As everyone tries to escape their troubles at the Kit Kat Klub through over indulging in Schnapps, sexual escapades, and song & dance…reality eventually finds them.
If you missed it in 1998 (or 1987), Cabaret is back on Broadway with the same late 90’s award winning trio Alan Cumming (Emcee), Sam Mendes (director), Rob Marshall (choreography.)Why mess with perfection?
Alan Cumming steals the show as the ultimate Master of Ceremonies, I couldn’t imagine anyone more perfect for this role.
Michelle Williams makes her Broadway debut as Sally Bowles, a British showgirl living in Berlin in the 1930’s. Williams is by no means pitch perfect but you can’t help but fall in love with her shabby chic voice that was endearing, likable, and real, as she honed in on her inner Marylin, after all she did play her in My Week with Marylin. I really appreciated how she invested herself emotionally into the part, as I saw real tears stream down her cheeks.

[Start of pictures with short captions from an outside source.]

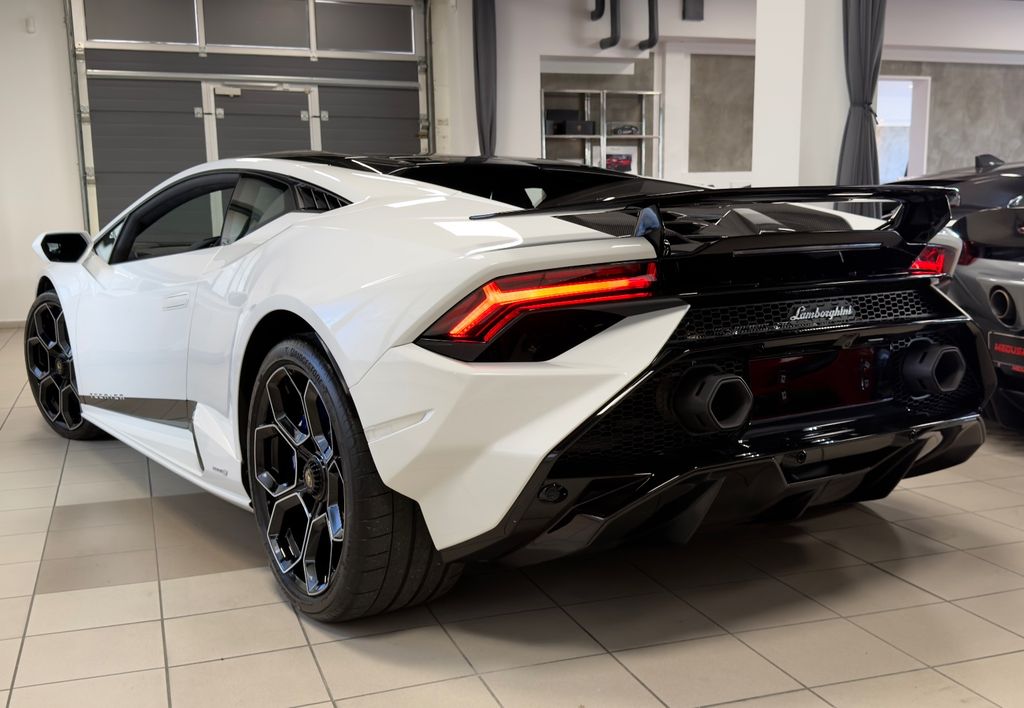 Lamborghini Huracán 2023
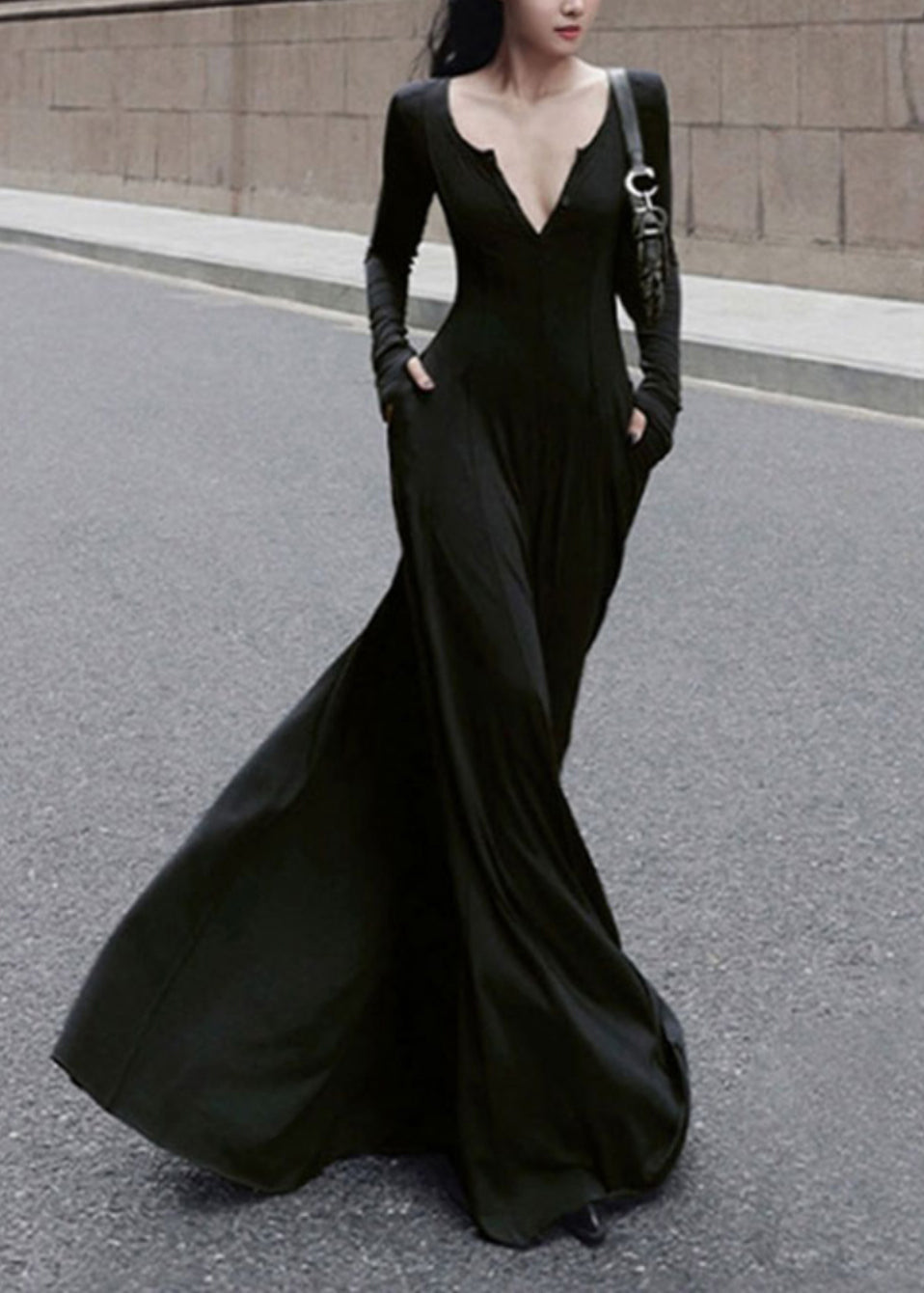 Nouvelle robe longue simple noire en coton à col en V et coupe ajustée, printemps - TrendAura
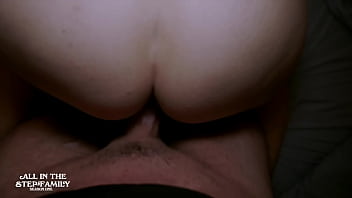 Berbagi Ranjang Dengan Ibu Tiri Milf Bergoyang Dan Berpantat Besar! – Video Penuh Gratis!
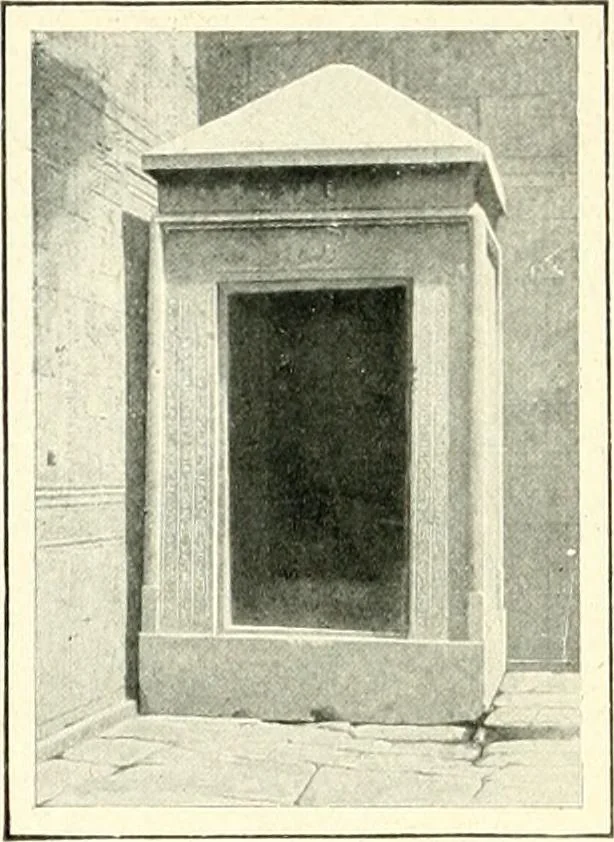 An illustration from Égypte, 1911, leaf 242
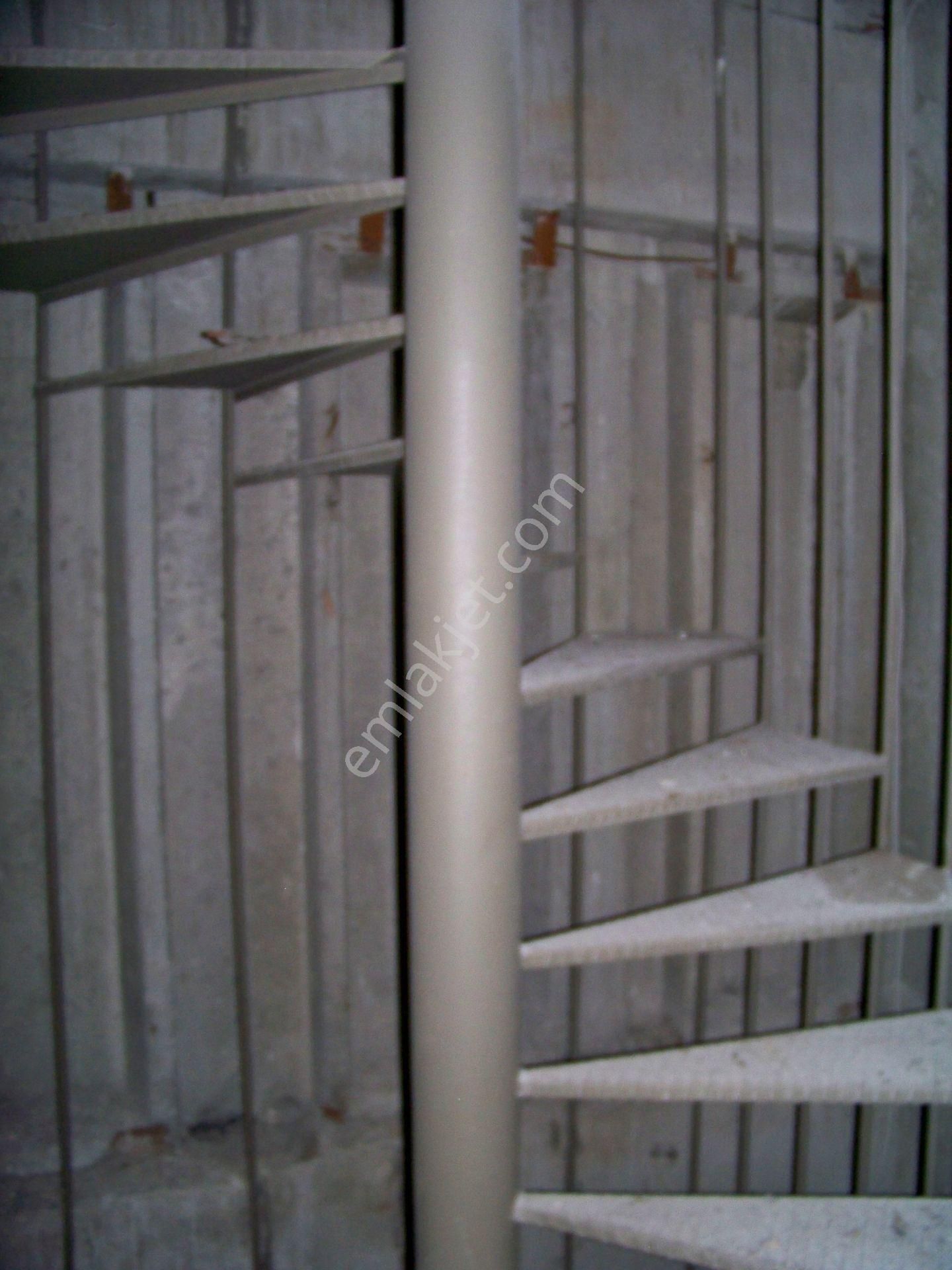 Gayrettepe Kent Sitesinde 4+1 165 M2 7.kat Çift Otoparklı Çift Asansörlü Yangın Merdivenli Balkonlu - Görsel 25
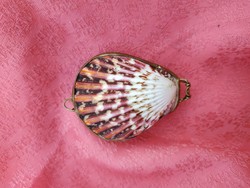 Réz keretű , összezárható kagyló ékszertartó
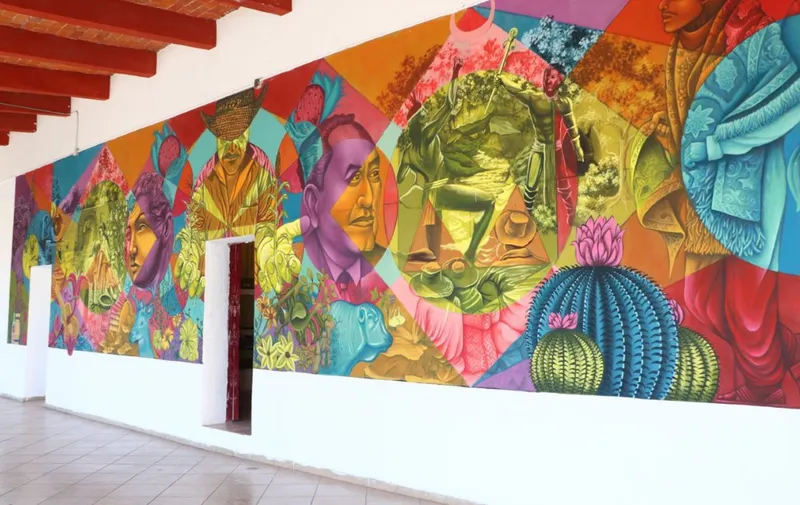 inaugura mural en Chiautla de Tapia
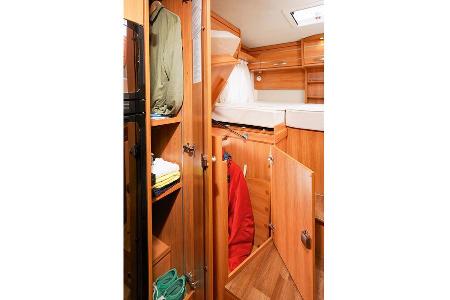 Kleiderschränke im Hymer Exsis-t
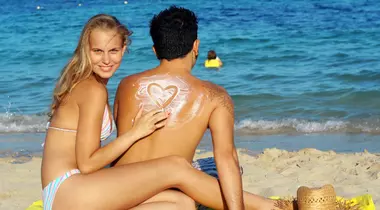 Tipurile de piele îţi spun ce tip de factor cu protecţie solară să alegi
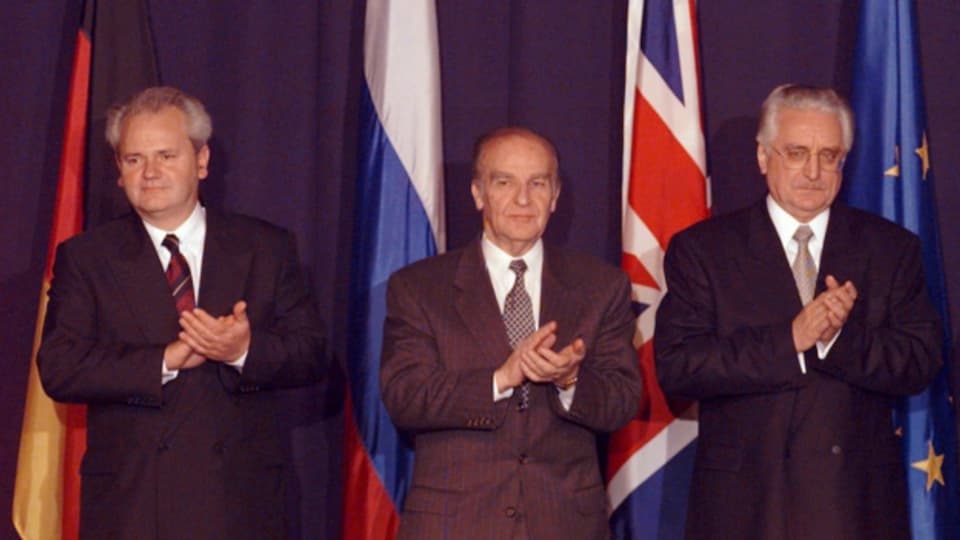 Von links nach rechts: Slobodan Miloševi?, Alija Izetbegovi? und Franjo Tu?man in Dayton, Ohio.
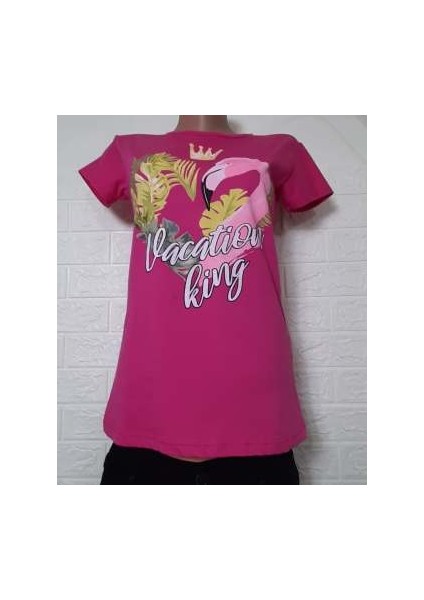 Pembe Önü Leylek ve Yazı Baskılı Yuvarlak Yaka T-Shirt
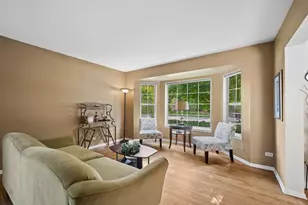 2105 Bent Tree Dr, Geneva, IL 60134 - Photo 7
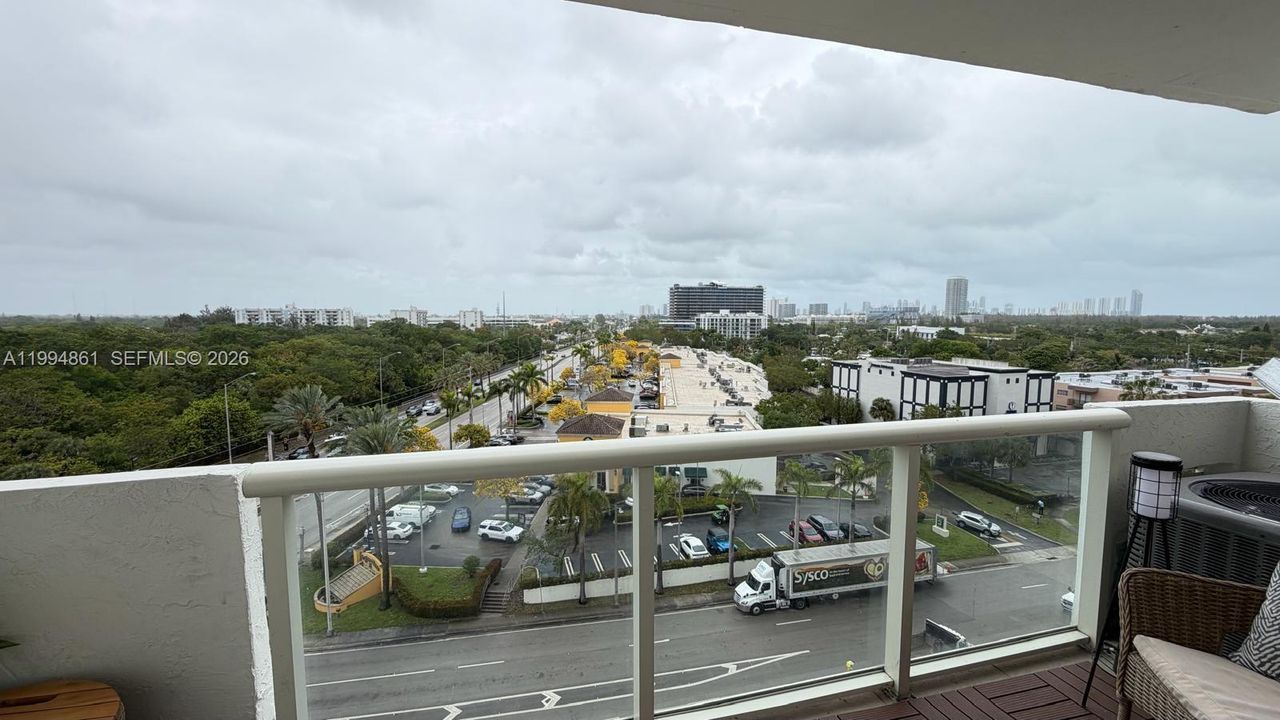 For Sale: $210,000 (2 beds, 2 baths, 1050 Square Feet)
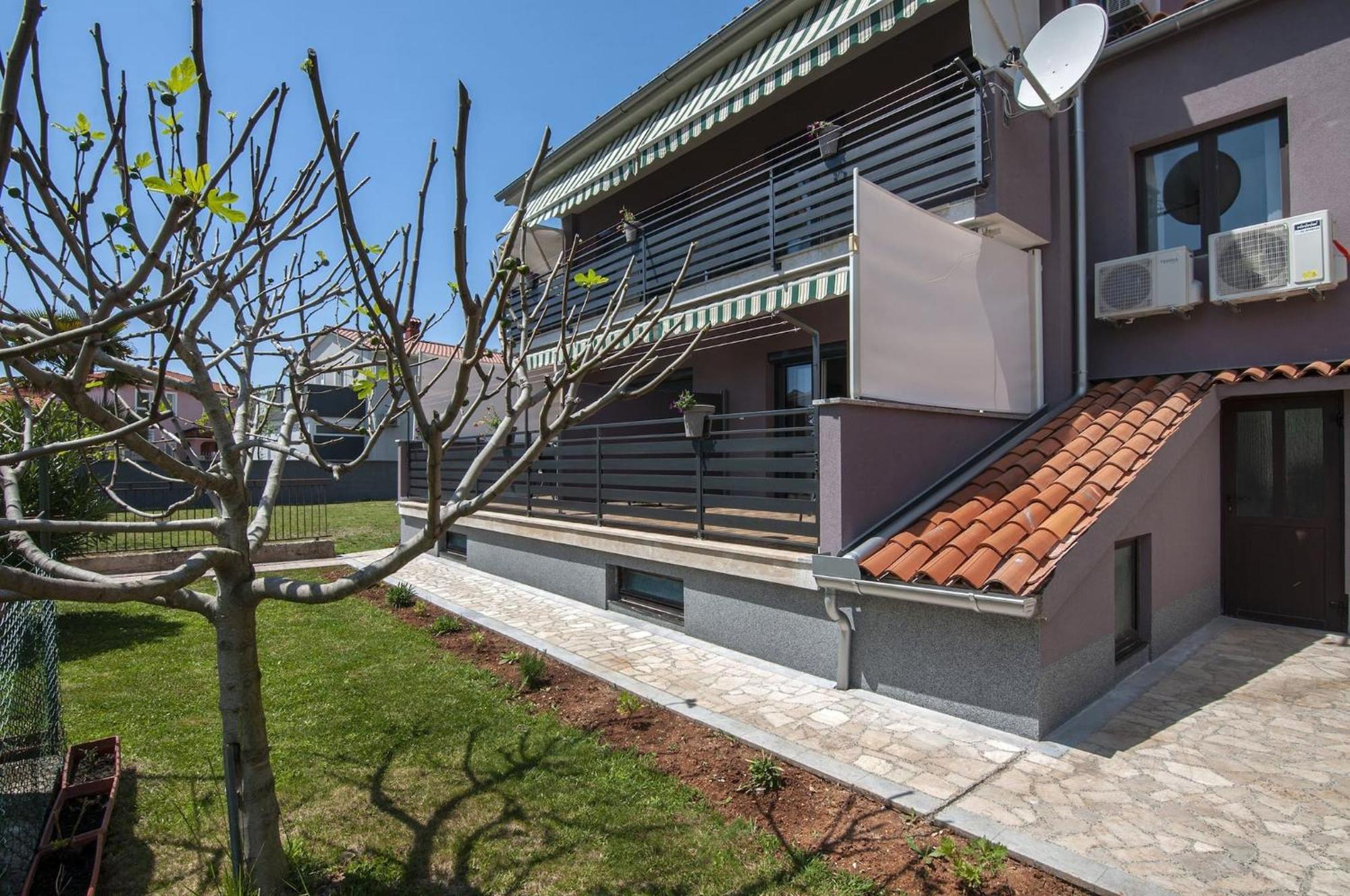 Lovely Apartments In Valbandon Fažana Buitenkant foto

This was my first time seeing Linda Emond (Fraulein Schneider) on Broadway, she has the kind of face that looks so familiar, and that’s because she’s been in numerous movies and popular TV shows that we’ve all watched at some point. I really liked her performance.
One of my favorite parts of the show were the lingerie clad band members… the way the clarinet was meant to be played? Now, to rule Broadway you must sing, dance, and play an instrument! I like it.
Hands down, Alan Cumming, as it should be!
I think sitting at a stool or cocktail table on the orchestra level adds a lot to the over all experience of feeling like you’re a part of the Kit Kat Klub. The balcony is normal theatre seating.
Go! They’re obviously reviving it for a reason, it’s wonderful and highly entertaining. We thoroughly enjoyed every moment.
Cabaret came highly recommended by editor, Lucy Yeomans, of Porter magazine.